*Action item*. All of the data that follows should be retyped exactly, please, except the pictures.

*Information provided*.
========
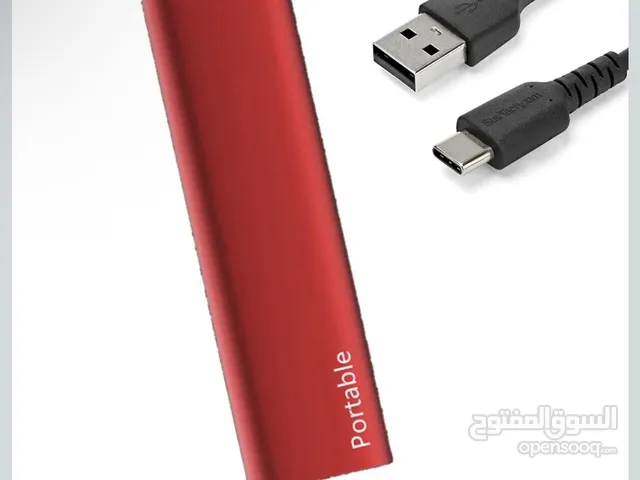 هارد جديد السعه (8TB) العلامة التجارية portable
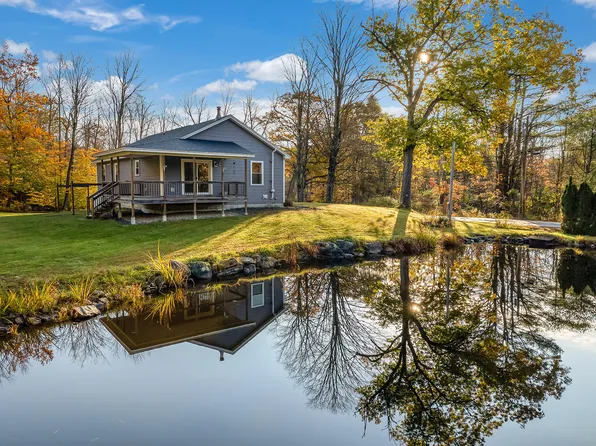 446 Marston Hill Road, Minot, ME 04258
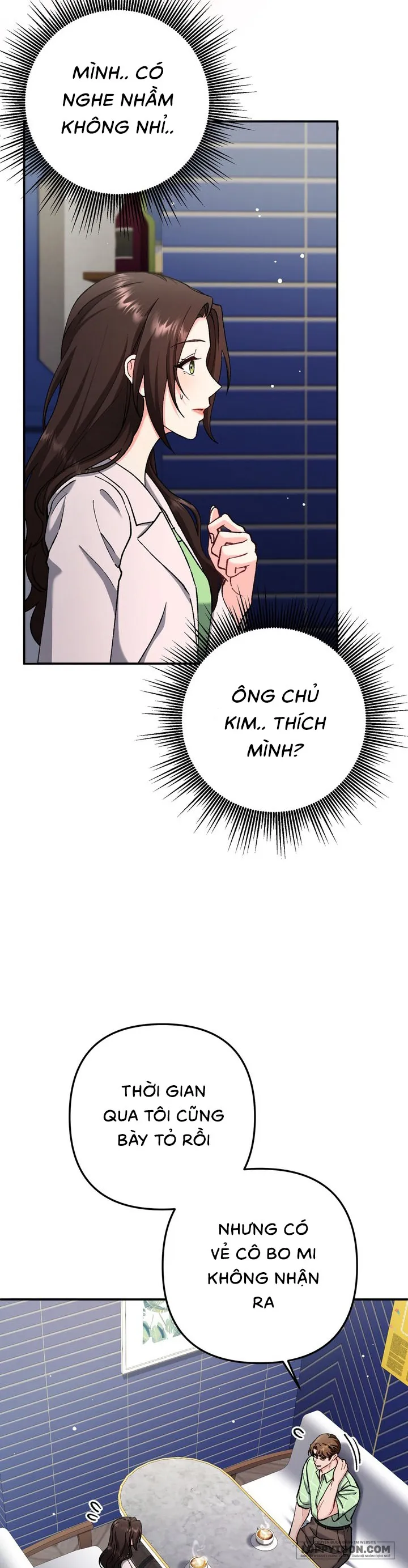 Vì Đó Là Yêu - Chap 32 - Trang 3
========
*Your solution*.
 هارد جديد السعه (8TB) العلامة التجارية portable
 446 Marston Hill Road, Minot, ME 04258
 Vì Đó Là Yêu - Chap 32 - Trang 3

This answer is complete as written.